When you are reporting a video there is "Spam or misleading" option but then again you are left with YouTube algorithm deciding whether video is really "spam or misleading" or it is malicious report.

For the past couple of months I was regularly reporting group of spammers spamming links in comment sections but to this day I still see them running amok.

Given its Google, I assume those get forwarded to /dev/null
From a YT standpoint, if I am looking for "interview of HenryBemis" and there are 10 likes and 1000 dislikes, it means that this is probably NOT the video, but someone commenting on the video (e.g. I wanted to see the Oprah-Harry-Meghan video).

If YT removes the dislikes from the public eye, I will either have to scroll ahead, OR watch 5-10mins waiting for the thing to start, then go and try some other video.

YT increases user engagement (I have already watched 10mins of one video and now heading for the next.. and the next.. and the next..). So, for YT this is a win-win.. it's the user that gets tricked.

Bravo YT, well played (not!)

> if I am looking for "interview of HenryBemis" and there are 10 likes and 1000 dislikes, it means that this is probably NOT the video, but someone commenting on the video

This is the sort of thing I had in mind. Some of it is complete junk and some is probably interesting to some people, but the titles are sufficiently misleading to attract an eye-catching number of downvotes. I can't remember exactly when I last came across this kind of content, but it was definitely quite recently, so I don't think youtube has stamped it out.

You see this very frequently in DIY how-to videos. There's usually about ~30-60 seconds of very helpful instructional content, buried somewhere towards the end of an 11 minute video of rambling and common knowledge. I suspect largely because the monetization gets better if your video is longer than 10 mins...
Dislikes are good not just for identifying bad videos, but also good videos. You can see it in the like/dislike ratio. The higher the better, videos with ratio around >98-99% have very high probability of being good etc
Comparison of likes to views works well enough. Actually, they don't even need likes, they can understand good and bad videos just by analysing how long viewers spent viewing the video.

Likes (and dislikes) are needed mostly for viewers who might want to feel helpful.

View time isn't adequate if a video isn't obviously bad until the very end though.
Good videos which end terribly are exceptionally rare.

Dislike mobs do more harm. They probably ignore dislikes already.

> Good videos which end terribly are exceptionally rare.

1. Videos which promise to show something that never actually appears

2. Very short videos which are difficult to not watch in their entirety

I don't need "them" to analyse it, I want it for myself.
> I mean, there was once a HUGE glut of videos with misleading thumbnails/titles

Oh, that's still happening. It never stopped.

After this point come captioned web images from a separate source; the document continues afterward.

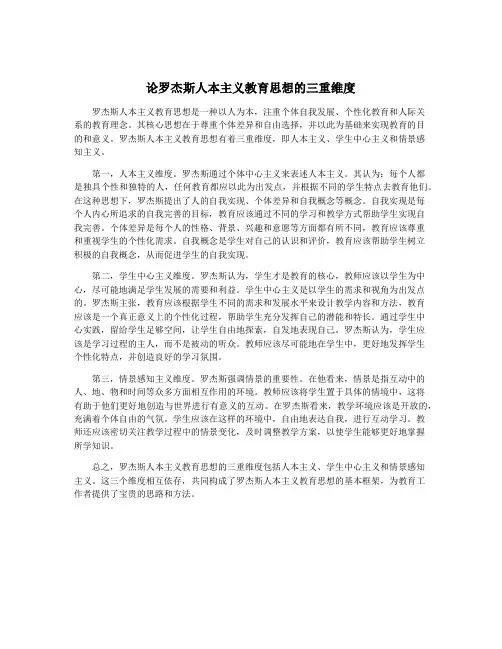 论罗杰斯人本主义教育思想的三重维度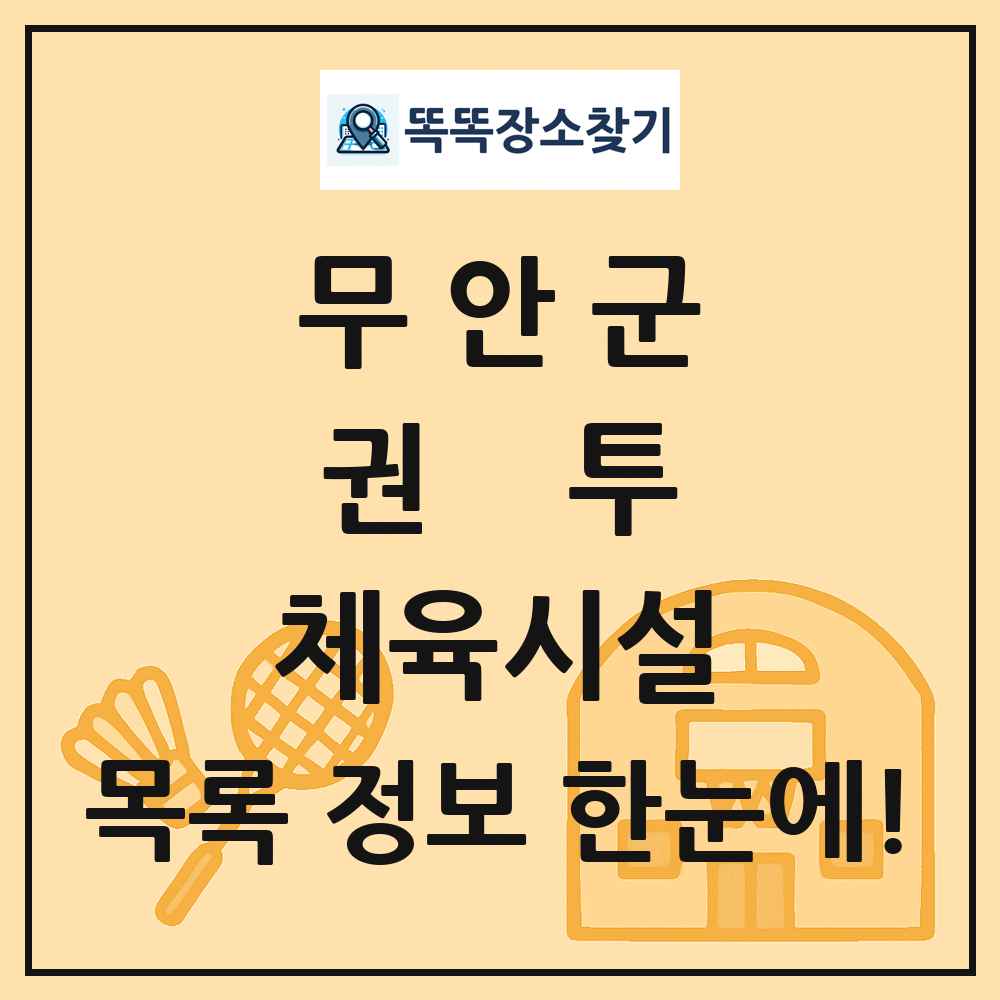 무안군 권투 체육시설 목록 및 정보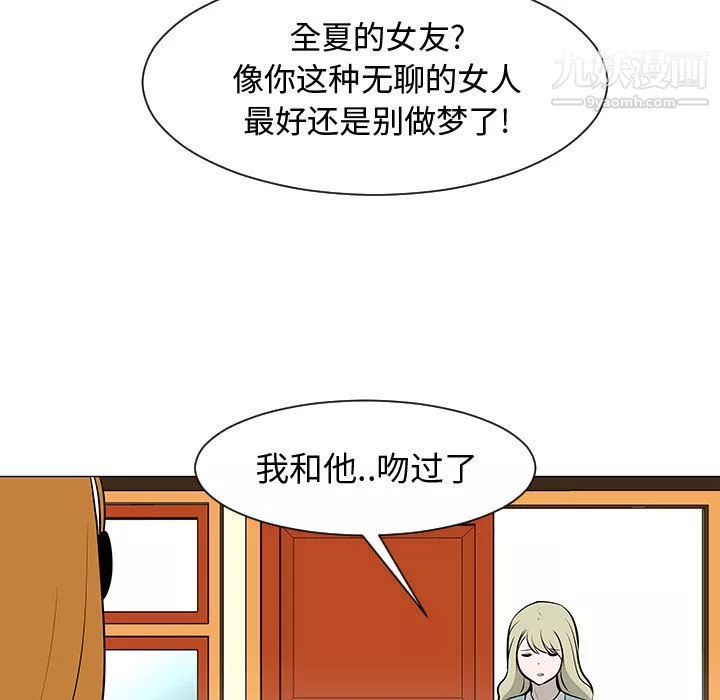每天忍耐的男人第51話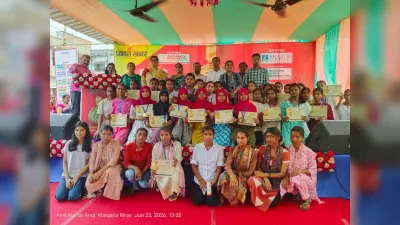 खगड़िया में प्रतिभा का सम्मान, सपनों को नई उड़ान, प्रभात खबर ने 360 मेधावियों को किया सम्मानित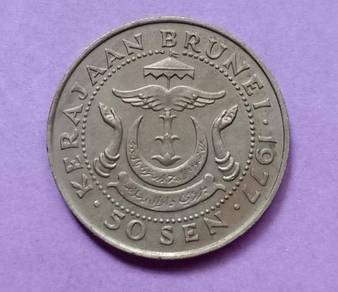 Brunei 50 Cents 1977 (Coin A)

If the problem still exists, it's way less noticeable than it was in 2010.
It's still absolutely rampant for some types of search terms. For example, try searching for "electronic projects", "crafts", or "life hacks" in an incognito window. The vast majority of the results for all of those search terms have misleading thumbnails and/or descriptions.
Oh if you're going back that far, then yes, it definitely still exists, though I don't doubt it used to be a lot worse. (I phrased my first response carefully in case there had been changes in, say, the past few months that I hadn't fully noticed.)
The reason downvotes didn't solve that issue was because you couldn't see the ratio until after you had clicked.

There was plugins that showed it when browsing and it made such a difference.